▸ **TASK DIRECTIONS**: Records follow. Print exactly the lines from the one that has "sunny hotel patio" through the one that has "3167 Lincoln Drive", inclusive, and omit the pictures.

━━━━━ INPUT FOR THIS TASK ━━━━━

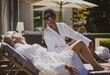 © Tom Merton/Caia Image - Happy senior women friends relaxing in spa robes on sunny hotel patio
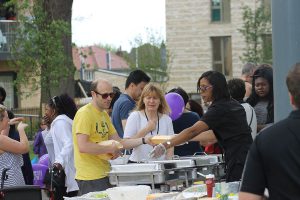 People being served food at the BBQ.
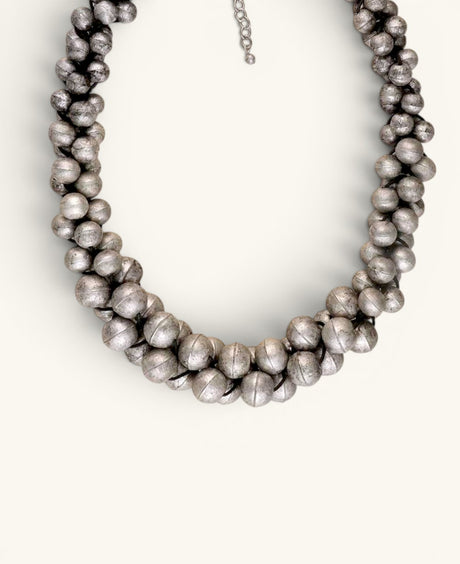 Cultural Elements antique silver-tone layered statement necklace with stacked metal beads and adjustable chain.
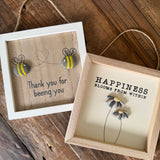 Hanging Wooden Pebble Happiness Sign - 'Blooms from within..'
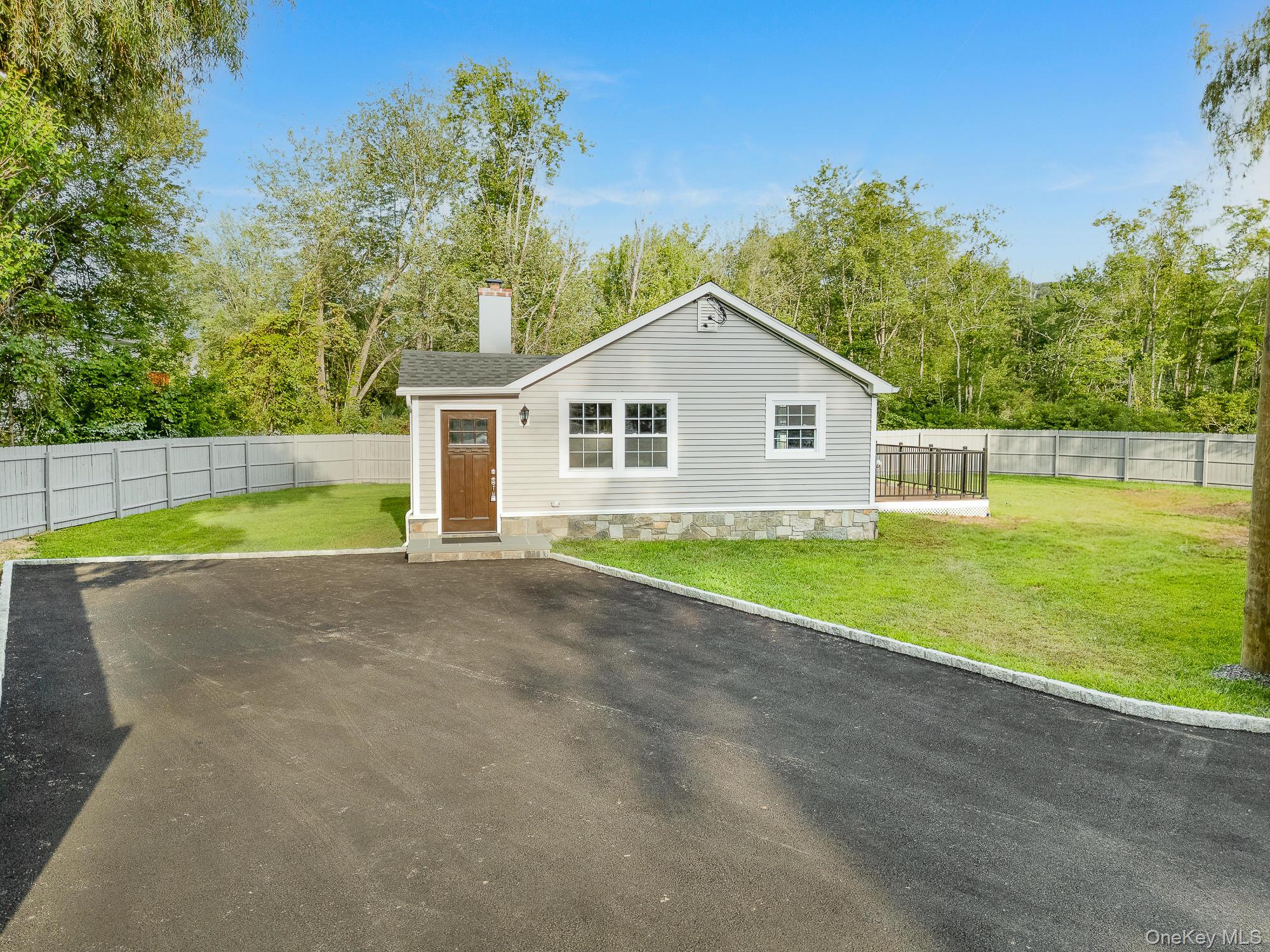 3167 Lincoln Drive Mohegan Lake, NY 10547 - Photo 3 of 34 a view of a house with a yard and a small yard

━━━━━
━━━━━ INPUT FOR THIS TASK ━━━━━

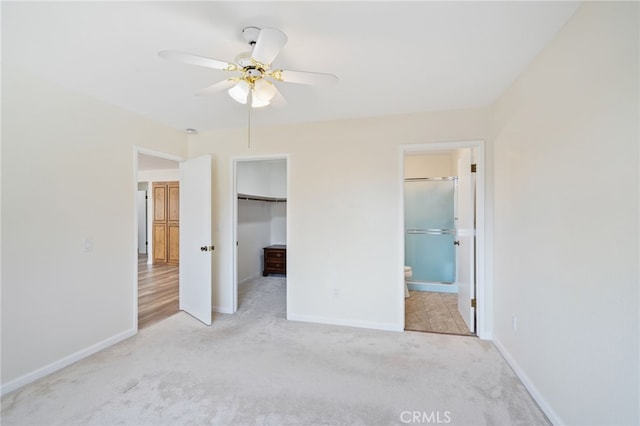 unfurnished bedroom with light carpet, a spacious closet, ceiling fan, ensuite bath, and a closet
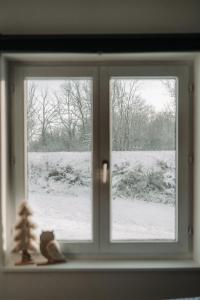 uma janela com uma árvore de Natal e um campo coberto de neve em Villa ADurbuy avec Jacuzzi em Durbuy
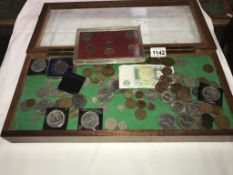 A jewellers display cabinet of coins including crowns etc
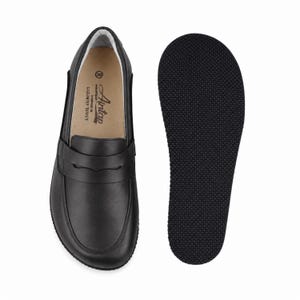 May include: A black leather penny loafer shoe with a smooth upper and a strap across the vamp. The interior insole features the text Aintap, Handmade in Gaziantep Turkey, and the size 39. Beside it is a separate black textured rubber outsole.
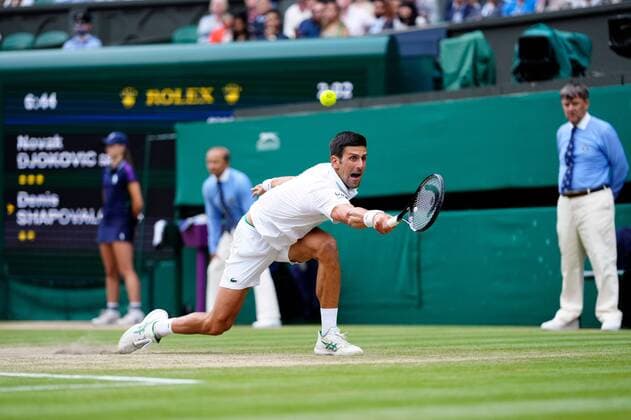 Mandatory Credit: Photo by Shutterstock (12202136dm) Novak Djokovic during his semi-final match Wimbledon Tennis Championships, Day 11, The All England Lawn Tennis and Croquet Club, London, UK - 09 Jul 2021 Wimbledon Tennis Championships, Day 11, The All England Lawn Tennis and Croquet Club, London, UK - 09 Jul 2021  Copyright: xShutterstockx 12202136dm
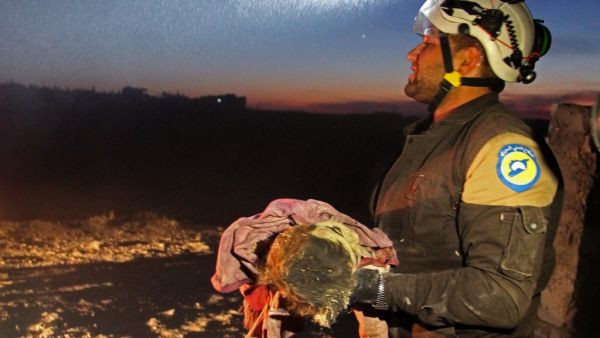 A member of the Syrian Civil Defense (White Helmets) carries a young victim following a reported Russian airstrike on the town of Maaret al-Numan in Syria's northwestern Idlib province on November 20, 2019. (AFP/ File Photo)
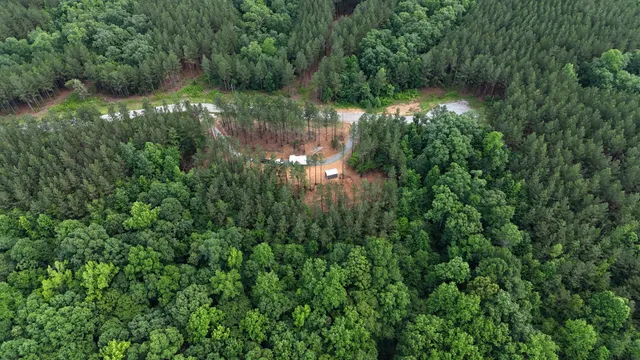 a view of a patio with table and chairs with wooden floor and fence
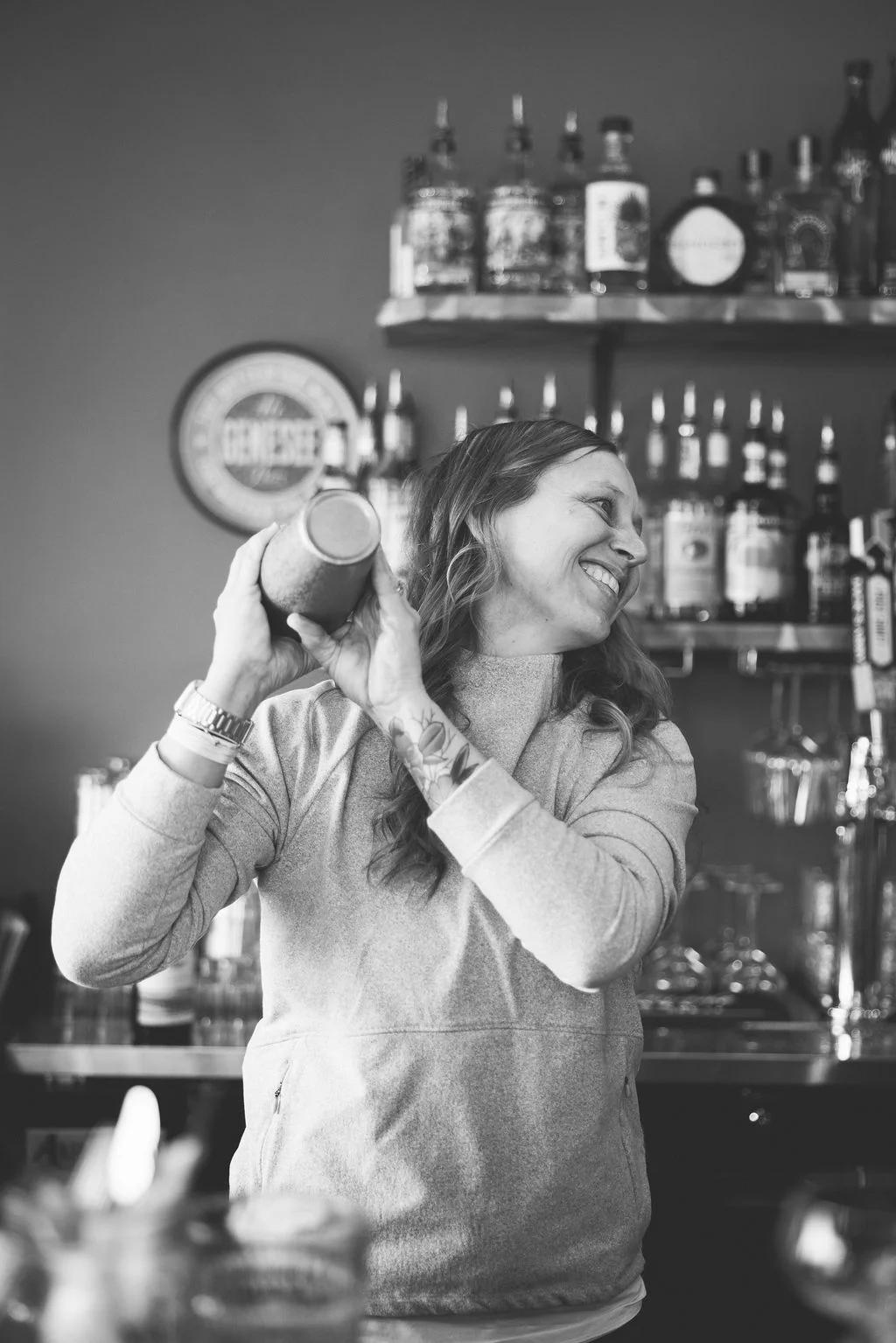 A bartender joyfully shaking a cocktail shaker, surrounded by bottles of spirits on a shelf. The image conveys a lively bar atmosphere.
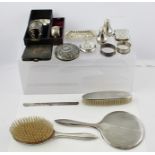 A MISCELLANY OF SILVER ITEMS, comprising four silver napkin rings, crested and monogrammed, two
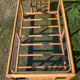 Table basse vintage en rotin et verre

━━━━━
━━━━━ INPUT FOR THIS TASK ━━━━━

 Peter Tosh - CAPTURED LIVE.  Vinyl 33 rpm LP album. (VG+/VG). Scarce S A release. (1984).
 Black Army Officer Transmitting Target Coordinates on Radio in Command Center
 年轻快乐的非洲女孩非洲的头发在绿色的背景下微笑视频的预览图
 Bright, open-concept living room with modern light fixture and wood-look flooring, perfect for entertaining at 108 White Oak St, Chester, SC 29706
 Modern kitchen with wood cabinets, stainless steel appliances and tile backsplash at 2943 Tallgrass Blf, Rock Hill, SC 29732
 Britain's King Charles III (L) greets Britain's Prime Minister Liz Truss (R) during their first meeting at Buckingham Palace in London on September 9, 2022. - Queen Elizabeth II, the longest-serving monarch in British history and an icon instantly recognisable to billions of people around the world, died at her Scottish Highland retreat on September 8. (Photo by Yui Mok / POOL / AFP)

━━━━━

▸ **RESULT OF THIS EXERCISE**:
 © Tom Merton/Caia Image - Happy senior women friends relaxing in spa robes on sunny hotel patio
 People being served food at the BBQ.
 Cultural Elements antique silver-tone layered statement necklace with stacked metal beads and adjustable chain.
 Hanging Wooden Pebble Happiness Sign - 'Blooms from within..'
 3167 Lincoln Drive Mohegan Lake, NY 10547 - Photo 3 of 34 a view of a house with a yard and a small yard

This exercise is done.